EXERCISE AIM =
Skip the pictures. Output only the lines below starting at the line with "A hazy, high-angle" and ending at the line with "Snow covers buildings", both ends included, exactly as they are.

EXERCISE DATA =
------------------------

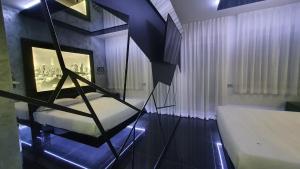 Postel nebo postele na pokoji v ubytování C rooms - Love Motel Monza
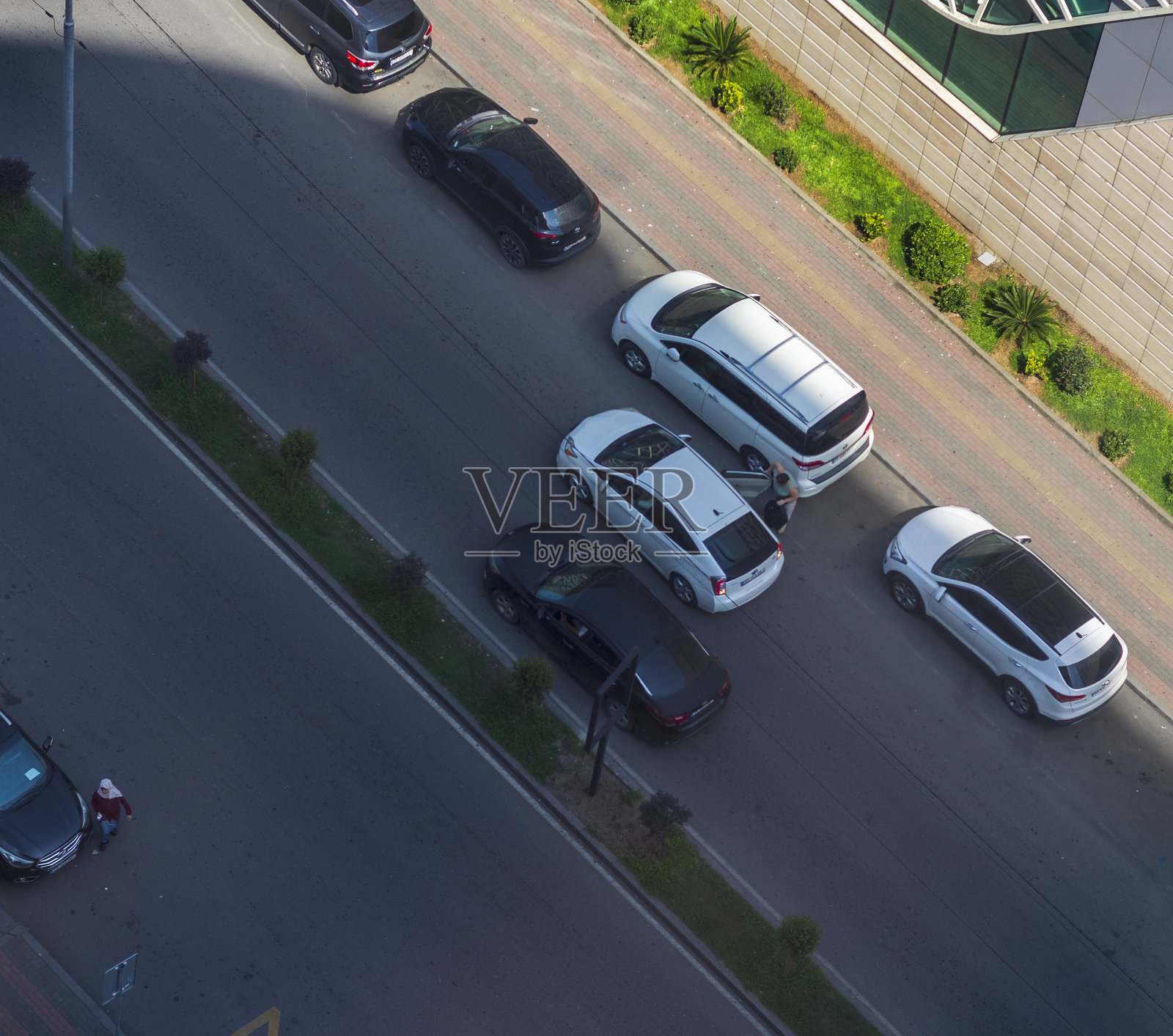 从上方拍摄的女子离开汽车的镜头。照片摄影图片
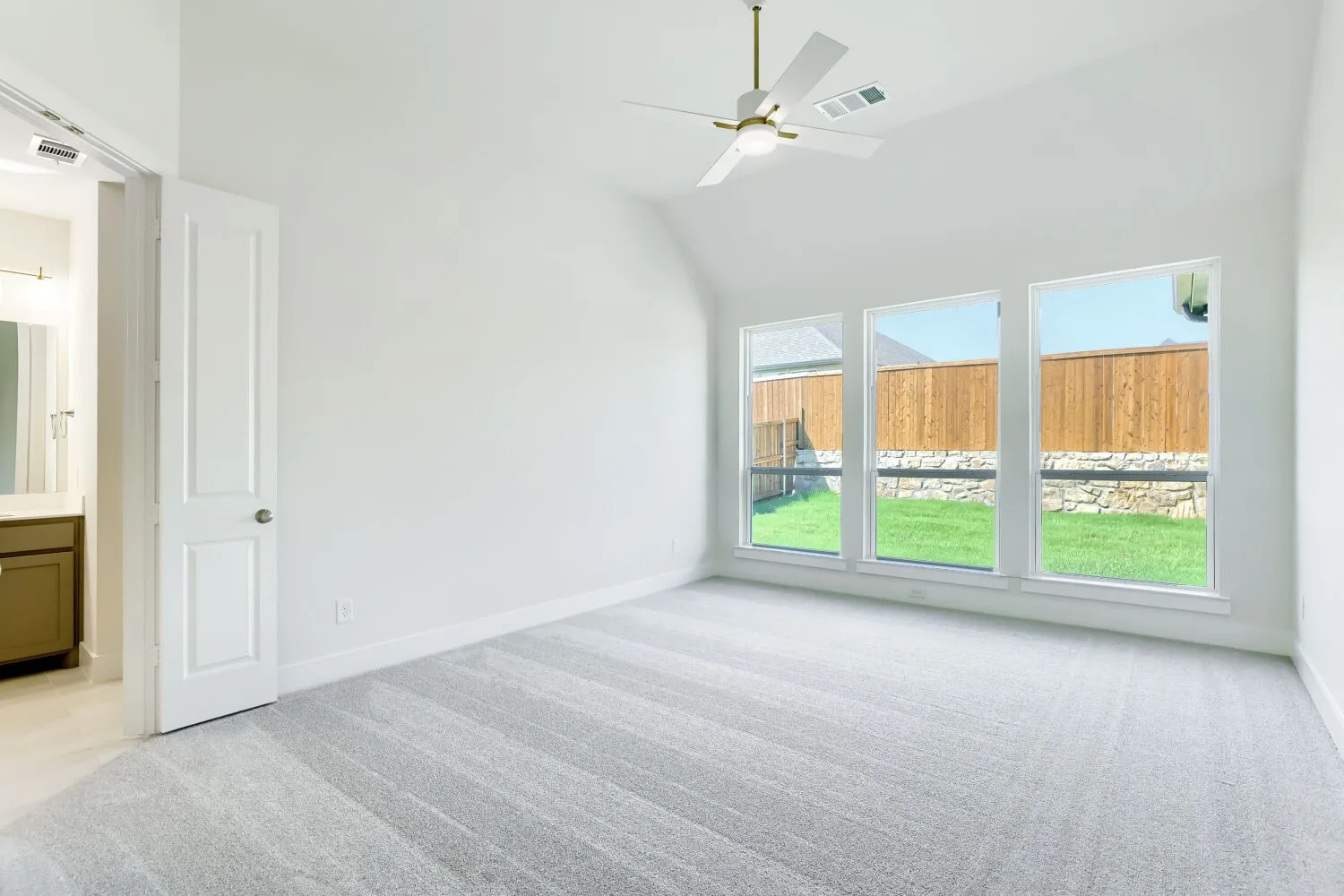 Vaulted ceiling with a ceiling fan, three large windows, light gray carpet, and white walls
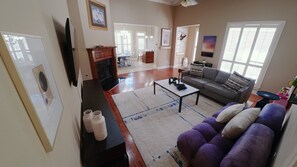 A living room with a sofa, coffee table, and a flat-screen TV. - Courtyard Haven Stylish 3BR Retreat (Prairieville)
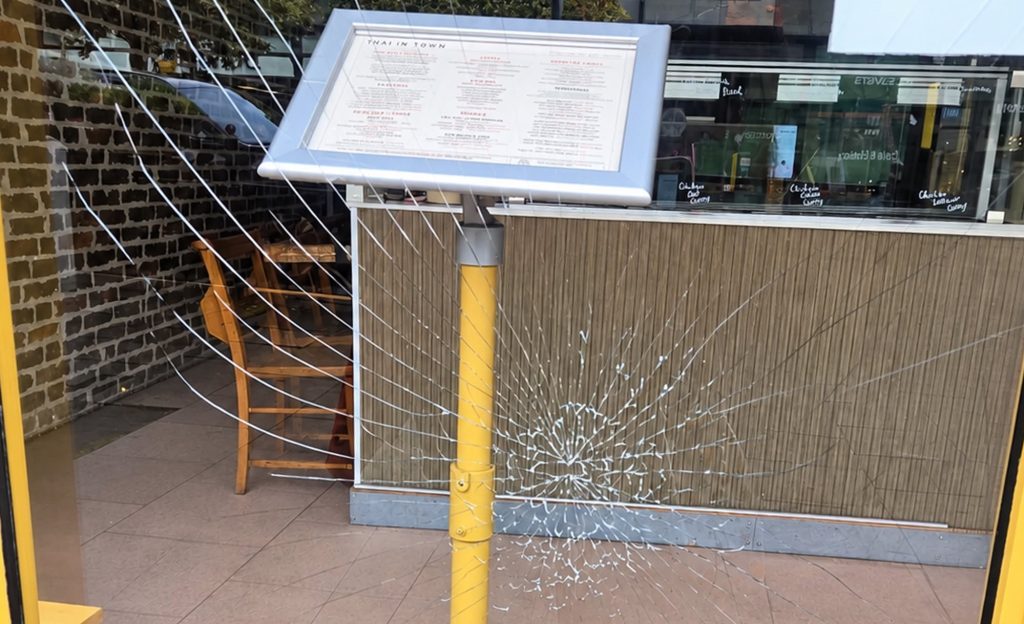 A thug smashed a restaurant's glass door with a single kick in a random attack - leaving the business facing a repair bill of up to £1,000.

------------------------

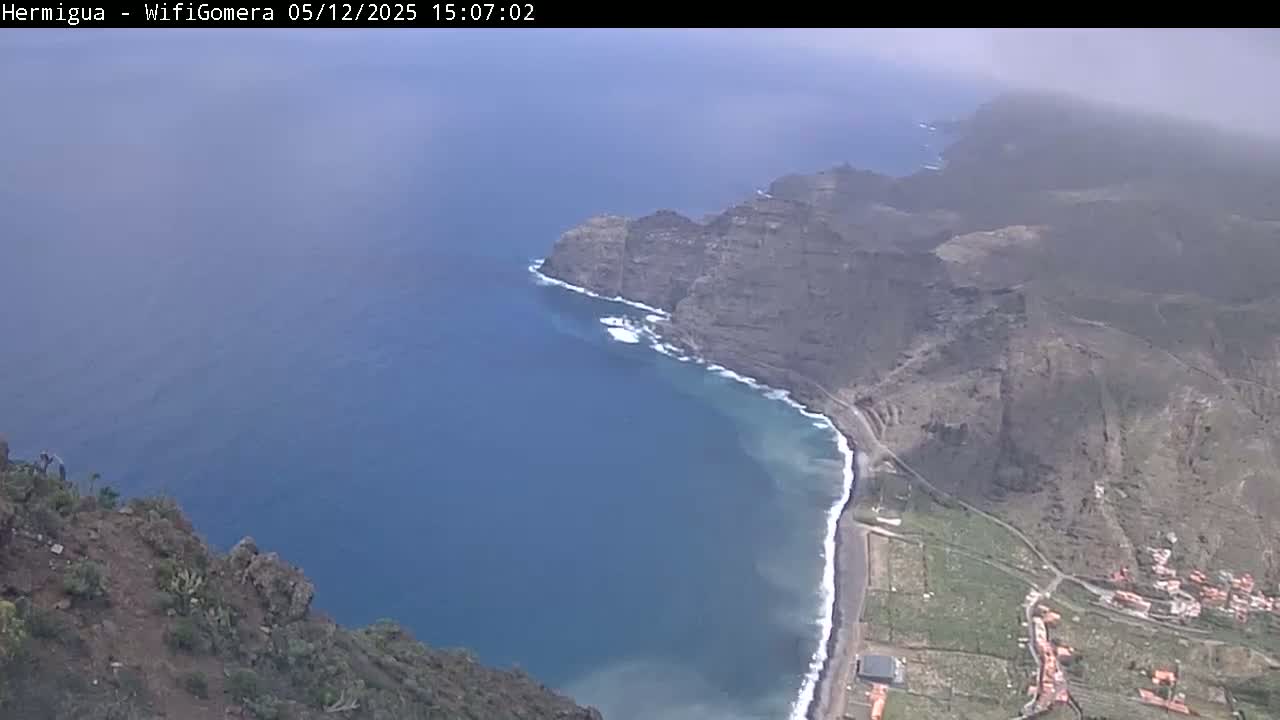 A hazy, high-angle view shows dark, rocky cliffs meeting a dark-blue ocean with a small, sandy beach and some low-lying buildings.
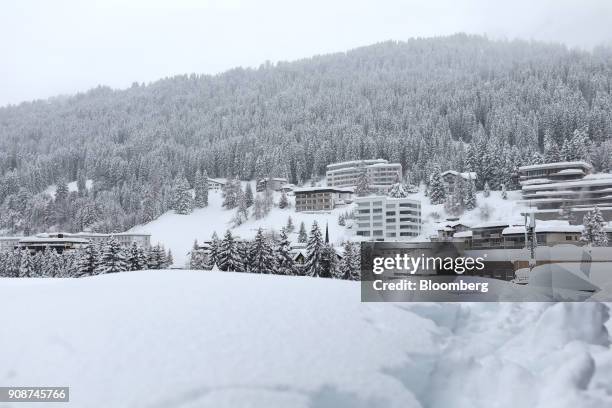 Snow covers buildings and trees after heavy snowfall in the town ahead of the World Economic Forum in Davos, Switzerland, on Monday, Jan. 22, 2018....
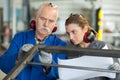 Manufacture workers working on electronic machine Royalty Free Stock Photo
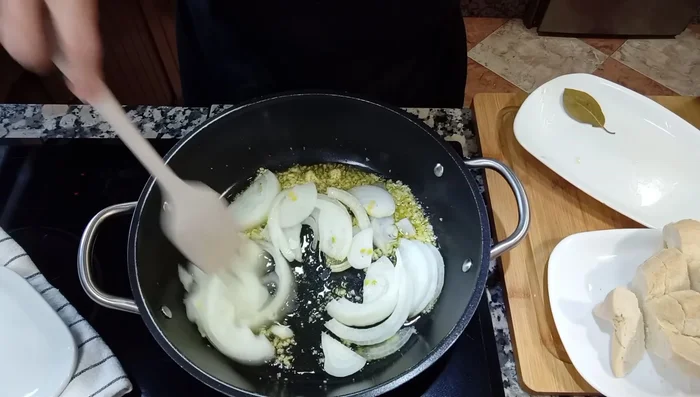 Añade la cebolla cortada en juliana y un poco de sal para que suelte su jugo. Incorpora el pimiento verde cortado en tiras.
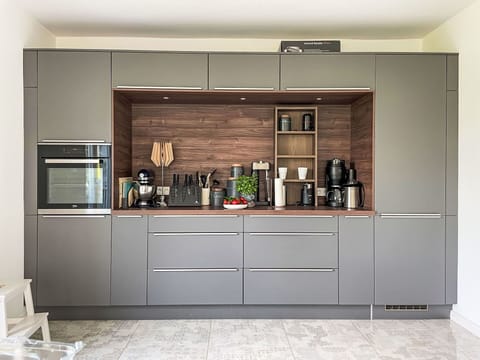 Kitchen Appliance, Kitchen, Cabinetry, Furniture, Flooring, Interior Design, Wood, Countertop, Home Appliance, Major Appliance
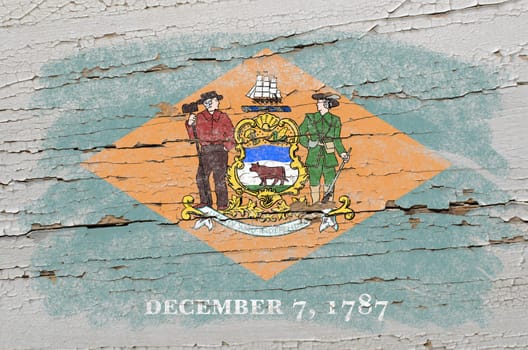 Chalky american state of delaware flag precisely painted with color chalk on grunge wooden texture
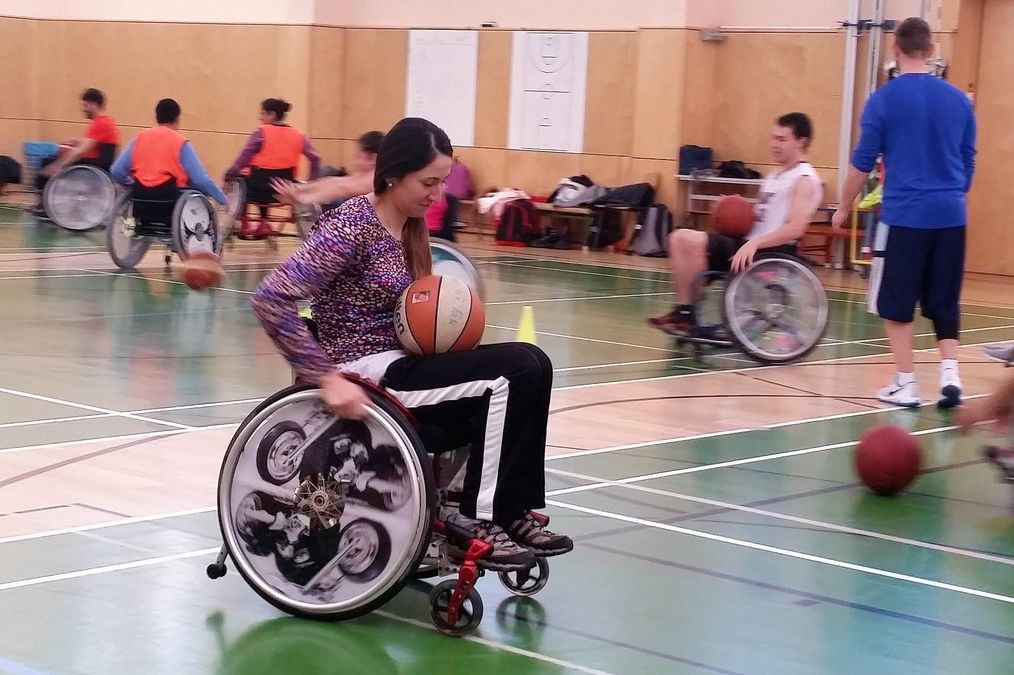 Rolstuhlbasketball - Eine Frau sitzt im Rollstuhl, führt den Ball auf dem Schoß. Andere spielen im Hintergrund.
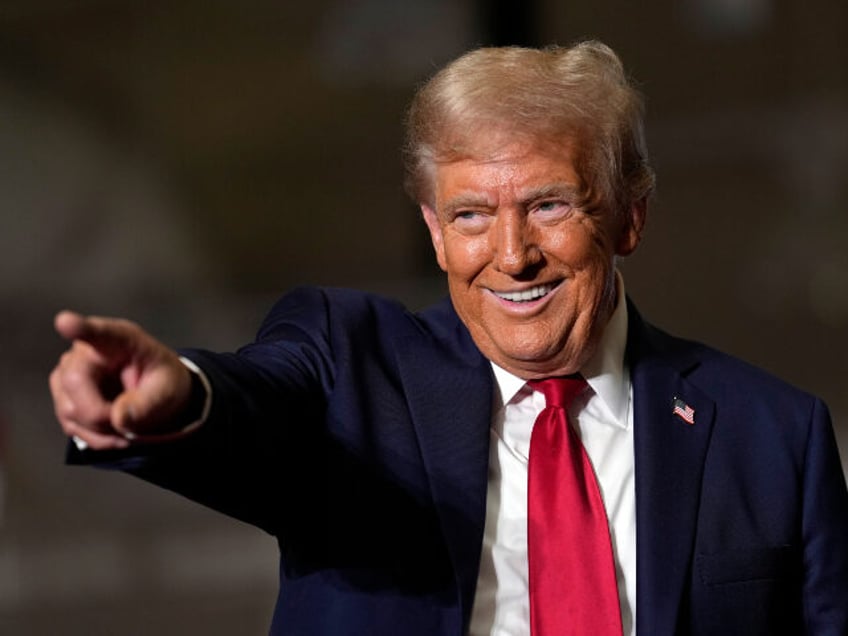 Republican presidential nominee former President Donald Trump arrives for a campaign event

------------------------

OUTPUT OF THE TASK =
 A hazy, high-angle view shows dark, rocky cliffs meeting a dark-blue ocean with a small, sandy beach and some low-lying buildings.
 Snow covers buildings and trees after heavy snowfall in the town ahead of the World Economic Forum in Davos, Switzerland, on Monday, Jan. 22, 2018....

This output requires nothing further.